Sobre el desminado del campo
En Medellín, a los 29 días del mes de julio de 2016, con el fin de rendir versión libre y espontánea, sin apremio, ni juramentos, ni abogados, declararé de manera clara y precisa las preguntas y respuestas que sobre este Proceso me embargan. A la cuestión de mis Generalidades de Ley baste saber que soy Alonso Quesada, simple y llano instructor, mayor de edad y natural de Colombia, que conociendo los motivos por los cuales me encuentro rindiendo esta declaración, hago un relato claro y conciso de los hechos que me atañen.
El 7 de marzo de 2005 el Gobierno y las FARC acordaron el desminado humanitario de los campos en la vereda El Orejón, municipio de Briceño Antioquia, "donde hay más explosivos que personas"; un batallón del Ejército y miembros de las FARC trabajarán en el proceso de limpieza para frenar la lista de más de 11.000 víctimas. El 15 de febrero de 2016 el director general del SENA firmó un "Pacto de Integridad y Transparencia" ante la Procuraduría General de la Nación y la Secretaria de Transparencia de la Presidencia, e invitó a los directores regionales y subdirectores de centros de formación a comprometerse a cumplir con 6 obligaciones para luchar contra la corrupción.

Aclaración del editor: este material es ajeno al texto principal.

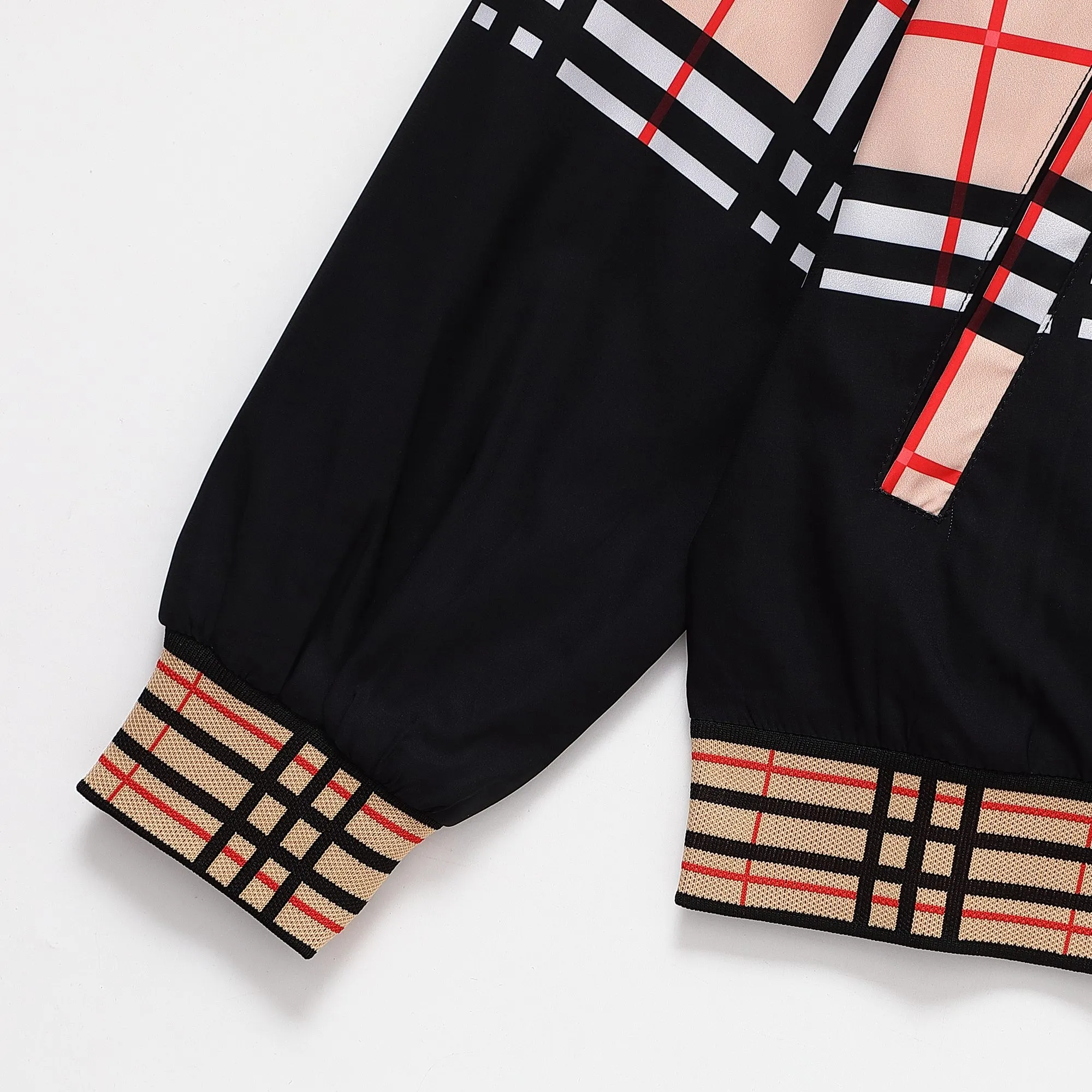 【2026】【BURBERRY 公式旗艦店】バーバリー ジャケット着好評に付き再入荷！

A la pregunta obligada de qué relación tiene una noticia con la otra, valga resaltar que ambos son buenos propósitos para terminar con formas cobardes y despreciables de hacer la guerra y de administrar lo público, formas que a lo largo y a lo ancho de sus campos de acción siempre han cobrado una misma víctima: la población indefensa. Y aunque es una perogrullada habrá que decir que la guerrilla reconoce que ha ejecutado el acto infame de sembrar minas antipersonas y que en el SENA se cometen actos de corrupción, en consecuencia los lideres que firman estos acuerdos y obligaciones reconocen su responsabilidad en esas censurables prácticas.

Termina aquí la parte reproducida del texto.